Applebloom, à court d’arguments, baissa tristement les yeux, sous les regards peinés des deux juments.

- Moi, je pourrais rester.

Toutes les trois tournèrent la tête dans une direction différente, comme si elles cherchaient qui venait de parler. Twilight sembla brusquement remarquer la présence de Maxime, toujours attablé face à ses petits pois. Elle et Applejack le fixèrent, yeux écarquillés, jusqu’à ce que la fermière éclate de rire. L’humain fronça les sourcils.

- Je suis sérieux, je te signale ! lança-t-il.

- Oh oui ! fit Applebloom en filant pour lui attraper la jambe. Maxime va rester avec nous ! Ça va être super !

L'humain, surpris par l'enthousiasme de la pouliche, tenta de se dégager avec délicatesse, sans succès. Face à la réaction de sa sœur, Applejack s’arrêta de rire. Twilight elle-même semblait hésiter.

- Attends, on ne va quand même pas faire ça ? s’inquiéta la terrestre.

- Et bien… Il y a Spike, sinon...

L’inimitable levé de sourcil de la terrestre régla la question avant même qu’elle ne soit posée. Toutes deux tournèrent le regard vers l’humain, puis à nouveau l’une vers l’autre. Applejack pouvait presque suivre en direct les pensées de son amie. Que l’humain se porte volontaire pour quoi que ce fût était déjà un signe encourageant. De plus, les trois pouliches semblaient bien l’aimer et lui-même les appréciait assez pour veiller à ce qu’il ne leur arrive rien. Quand elles furent toutes deux arrivées au bout de leur raisonnement, la jeune princesse esquissa un sourire.

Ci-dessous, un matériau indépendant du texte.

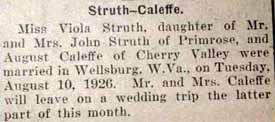 Marriage Notice for August CALEFFE to Viola Struth, Tuesday, August 10, 1926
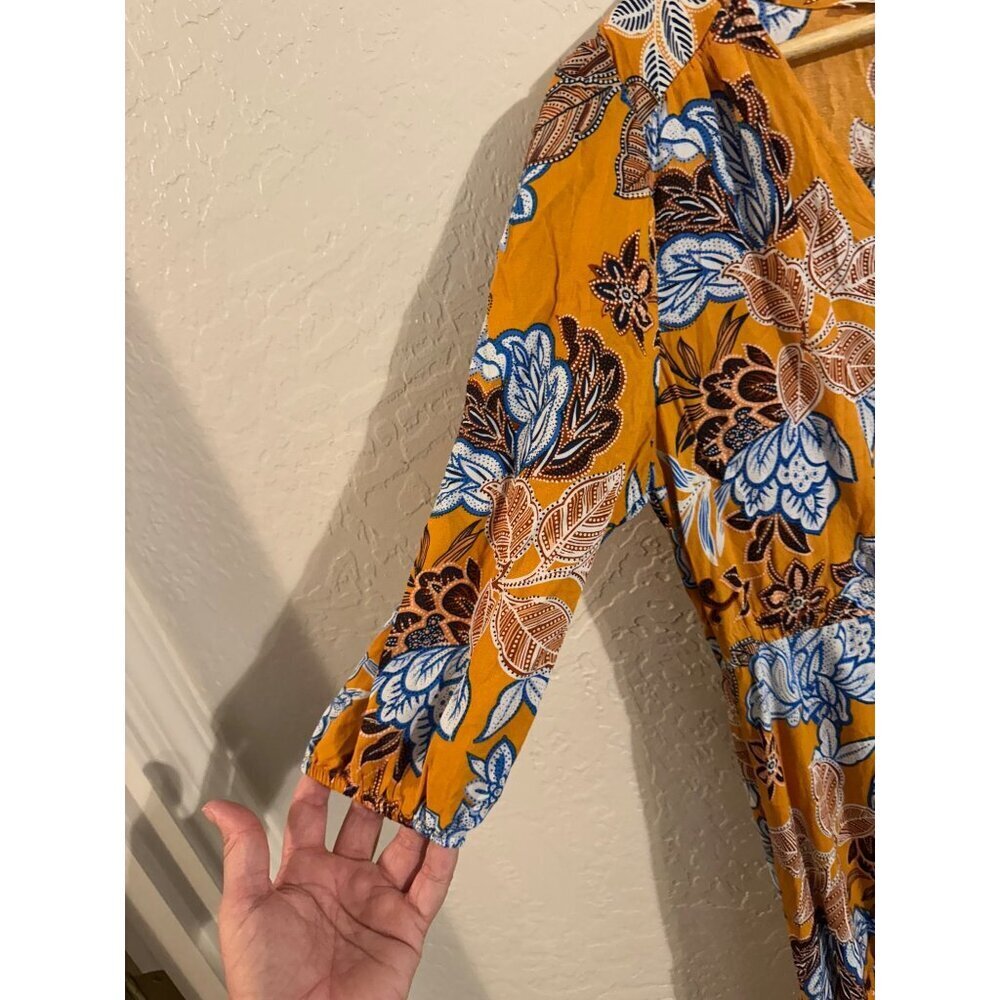 Anthropologie Y Abel the Label Mango Magic Floral Paisley Yellow Boho Maxi Dress - Picture 3 of 11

- Ça pourrait être une solution, non ?

- Mais tu as dit toi-même qu’il n’était plus question de le laisser seul où que ce soit, hésita Applejack.

- C’est ça ou l’emmener avec nous.

La terrestre déglutit.

- Bon, c’est d’accord, alors.

Applebloom lança un cri de joie puis fila comme une flèche pour prévenir ses amies. Maxime, heureux qu'elle le lâche mais flatté par sa réaction, se tourna vers les deux juments, l’ombre victorieuse d’un sourire sur les lèvres. Applejack inspira.

- Twilight et moi allons partir, maintenant, expliqua-t-elle comme s’il n’avait rien suivi. Granny et Big Mac partent pour Appleloosa dans une heure. Ça veut dire que tu vas rester seul avec les filles jusqu’à demain. Tu as bien compris ?

Au lieu de se fâcher qu’elle lui fasse la leçon, Maxime catapulta un petit pois qui atterrit pile dans son chapeau. La terrestre se retint stoïquement de réagir.

- On te fait confiance, alors pas de bêtises, reprit-elle avec gravité. S’il arrive quoi que ce soit à ma sœur ou à ma ferme, c’est toi qui serviras d’engrais pour les prochains épandages, compris ?

Sans un mot, l’humain se leva, le même sourire malin aux lèvres. Il ramassa le pois qu’il avait projeté dans le couvre-chef de la terrestre, plia les jambes pour lui faire face et le croqua tout cru. Applejack soutint son regard, jusqu’à ce qu’elle sente Twilight commencer à trépigner. Alors que l'alicorne quittait la cuisine, la fermière adressa à l’humain un dernier regard d’avertissement, auquel il répondit par une pichenette sur son chapeau. Elle était à peine sortie qu'il laissait déjà son regard dériver vers la cave, où les Apple stockaient leur cidre.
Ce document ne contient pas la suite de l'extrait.